WORK REQUIRED: Would you restate the full listing word for word and omit its pictures?
Start of INFORMATION SUPPLIED
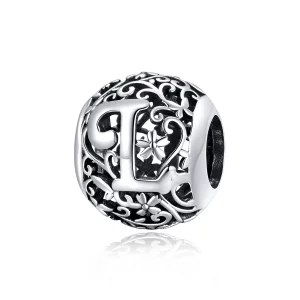 (image pour) Charm Style PANDORA Fleur Lettre L Ajourés - SCC1444-L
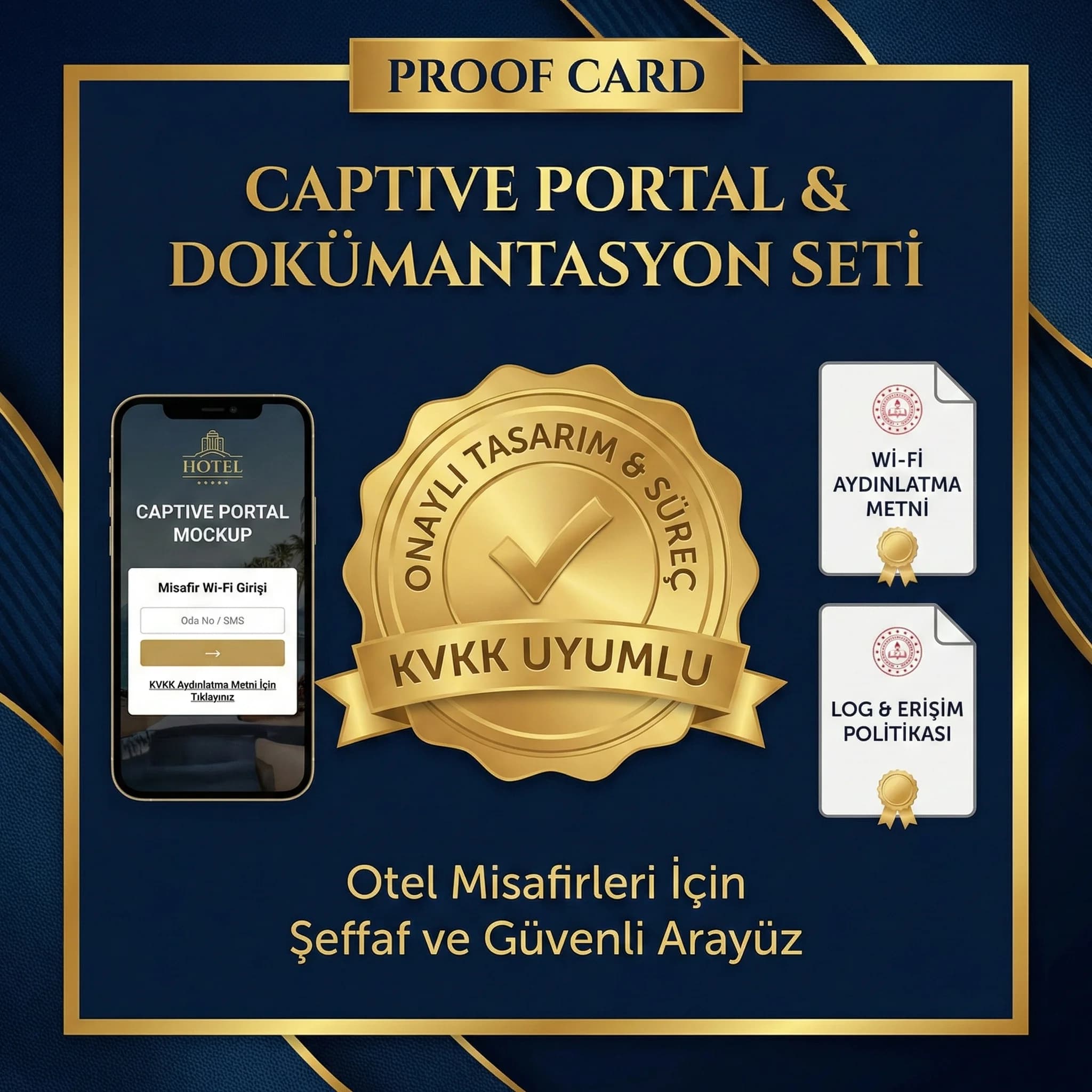 Kimlik doğrulama ve admin erişimi bölümü ayırıcı, otel ağı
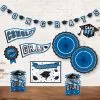Blue Congrats Grad Room Decorating Kit, 10pc 2 Blue Congrats Grad Room Decorating Kit, 10pc -Costume Party Decor Store C935650 royal blue
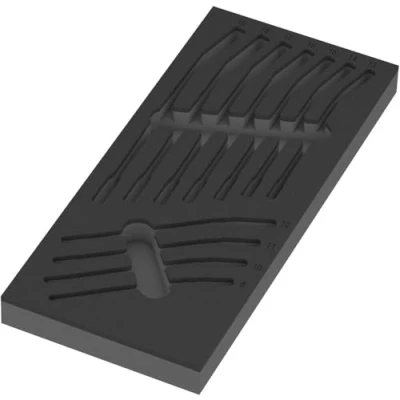 Imagen de Wera 9833 Depósito de espuma para juego llaves combinadas con carraca 6001 Joker Switch Set 1, sin herramientas, 172 x 30 392 mm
End of INFORMATION SUPPLIED
SOLVED EXERCISE:
 (image pour) Charm Style PANDORA Fleur Lettre L Ajourés - SCC1444-L
 Kimlik doğrulama ve admin erişimi bölümü ayırıcı, otel ağı
Blue Congrats Grad Room Decorating Kit, 10pc 2 Blue Congrats Grad Room Decorating Kit, 10pc -Costume Party Decor Store C935650 royal blue
 Imagen de Wera 9833 Depósito de espuma para juego llaves combinadas con carraca 6001 Joker Switch Set 1, sin herramientas, 172 x 30 392 mm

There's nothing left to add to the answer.